- ACTIVITY
What is needed is an exact copy of the lines in the entries below from the one holding "glow in the dark dodgeball" through the one holding "グレー XL | 古着", pictures excluded.
BEGIN EXTRACTED DATA
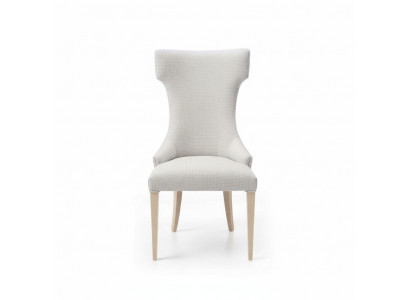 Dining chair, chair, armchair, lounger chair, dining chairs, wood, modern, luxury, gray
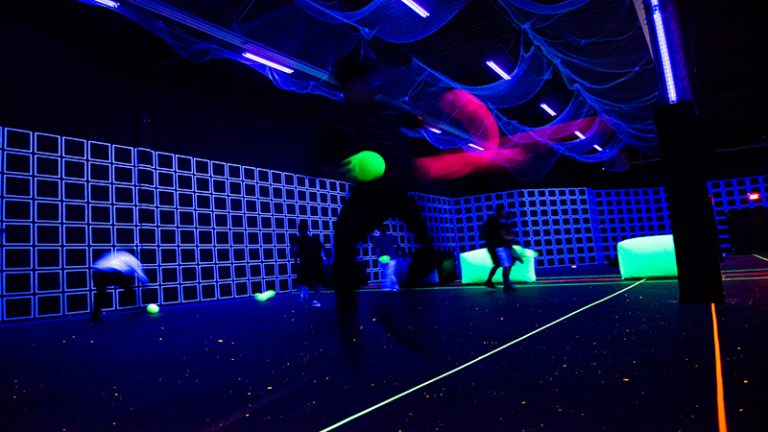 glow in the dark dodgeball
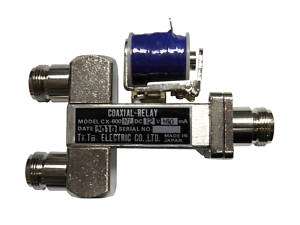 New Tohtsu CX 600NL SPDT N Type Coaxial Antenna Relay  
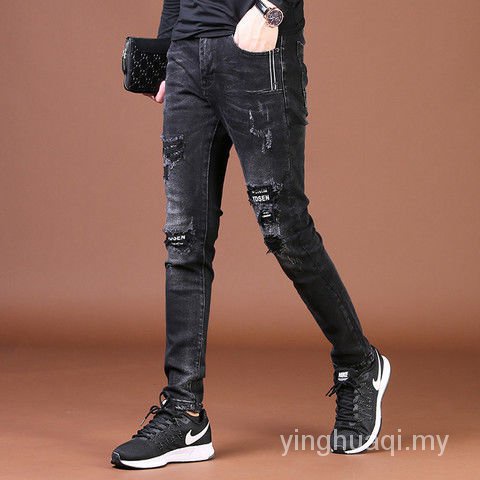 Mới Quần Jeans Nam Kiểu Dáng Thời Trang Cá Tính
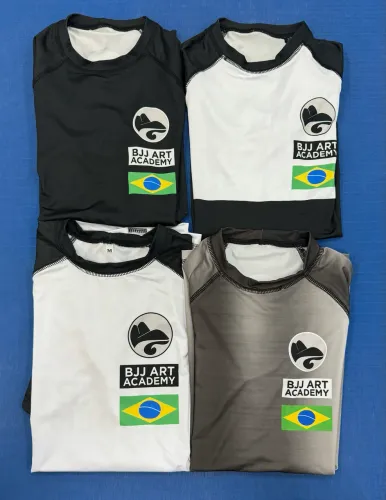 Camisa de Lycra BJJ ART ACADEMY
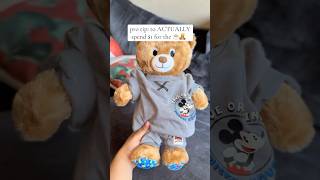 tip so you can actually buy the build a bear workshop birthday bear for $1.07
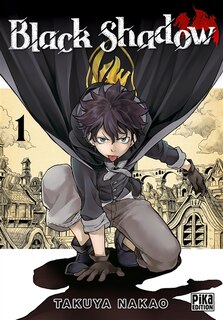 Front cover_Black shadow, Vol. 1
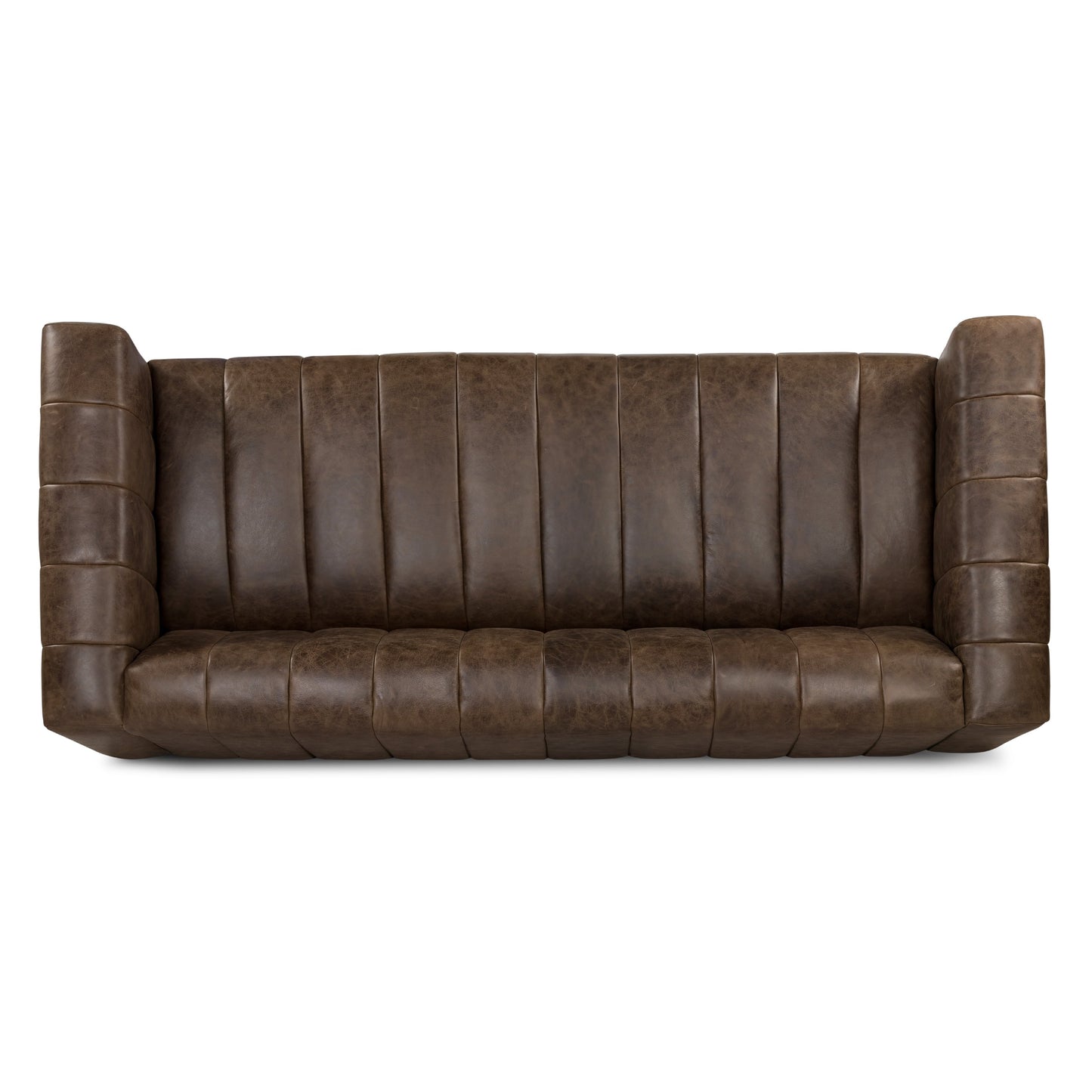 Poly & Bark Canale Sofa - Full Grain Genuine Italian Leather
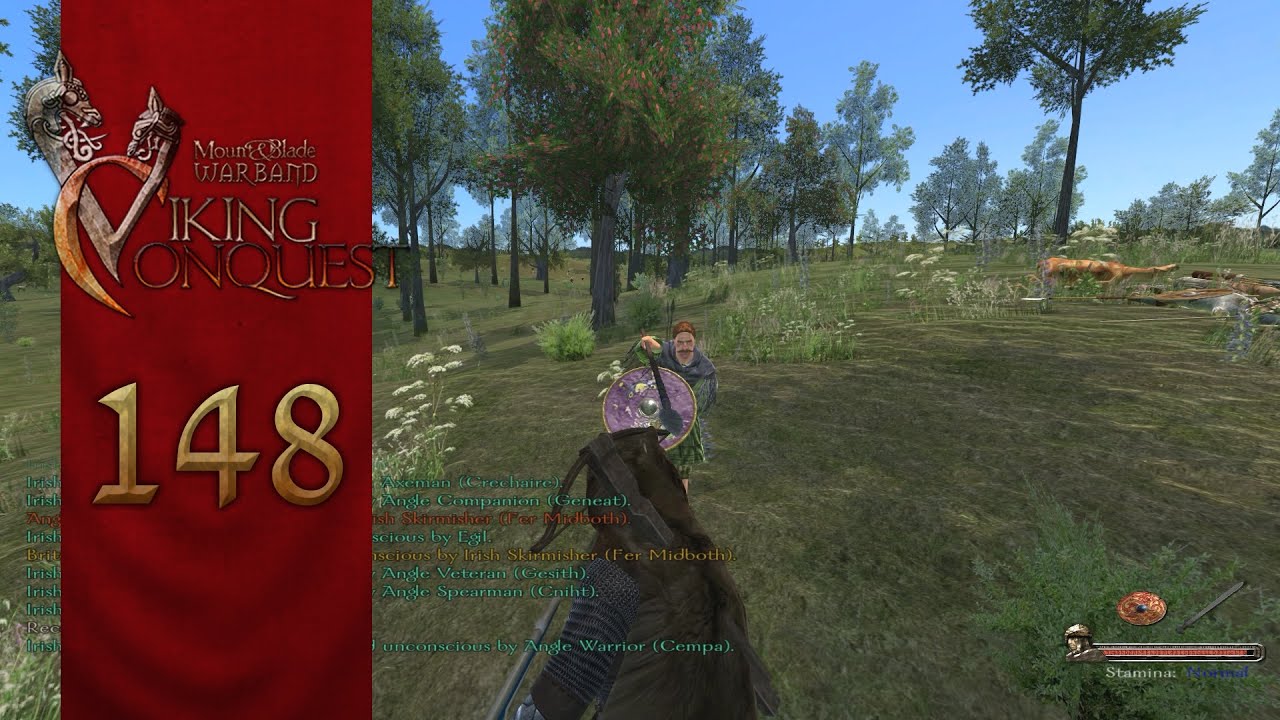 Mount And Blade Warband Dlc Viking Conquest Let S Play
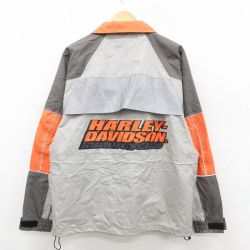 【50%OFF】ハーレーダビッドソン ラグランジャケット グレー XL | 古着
END EXTRACTED DATA
BEGIN EXTRACTED DATA
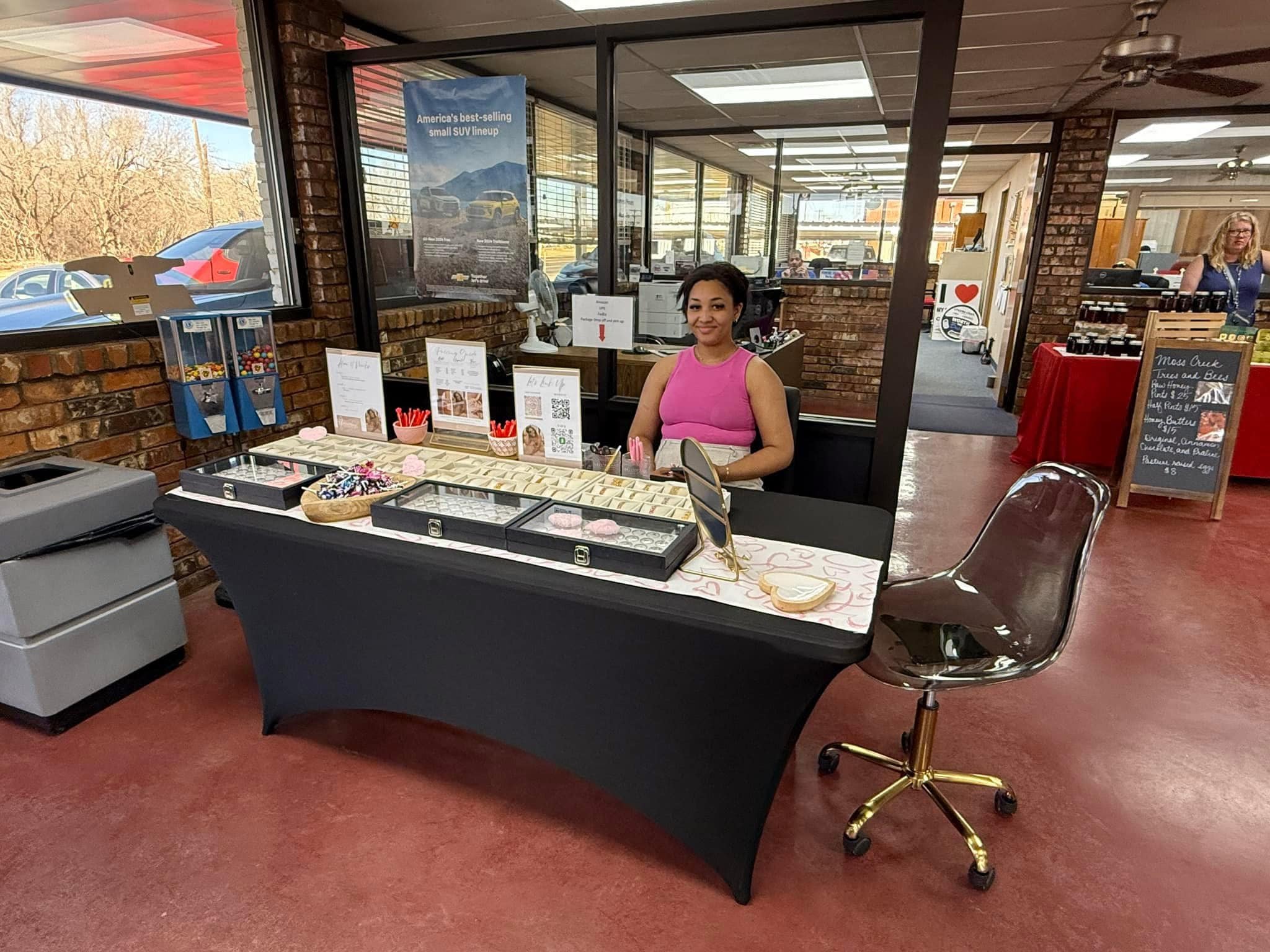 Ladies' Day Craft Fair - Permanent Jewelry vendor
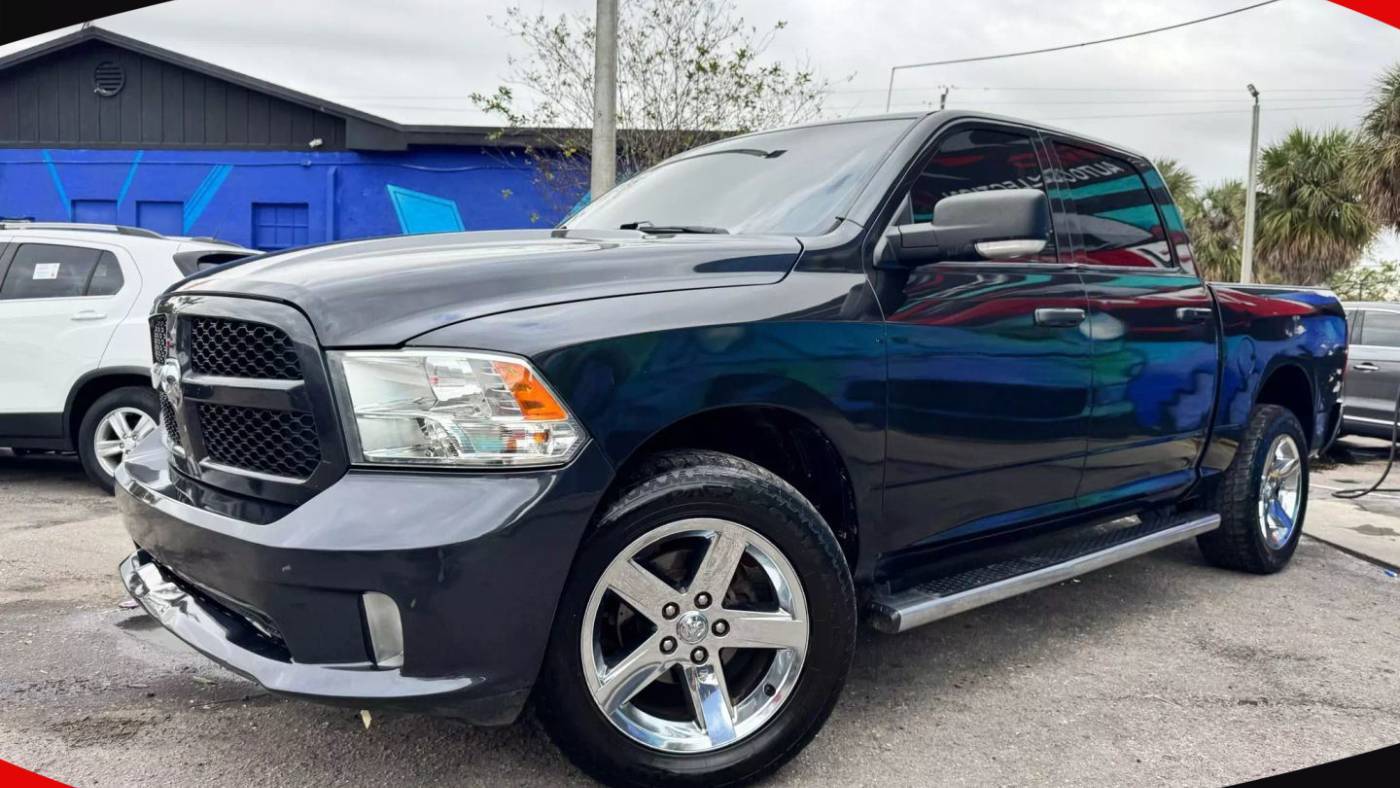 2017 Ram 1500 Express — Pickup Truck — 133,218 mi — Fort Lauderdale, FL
END EXTRACTED DATA
- PROBLEM SOLUTION
 glow in the dark dodgeball
 New Tohtsu CX 600NL SPDT N Type Coaxial Antenna Relay  
 Mới Quần Jeans Nam Kiểu Dáng Thời Trang Cá Tính
 Camisa de Lycra BJJ ART ACADEMY
 tip so you can actually buy the build a bear workshop birthday bear for $1.07
 Front cover_Black shadow, Vol. 1
 Poly & Bark Canale Sofa - Full Grain Genuine Italian Leather
 Mount And Blade Warband Dlc Viking Conquest Let S Play
 【50%OFF】ハーレーダビッドソン ラグランジャケット グレー XL | 古着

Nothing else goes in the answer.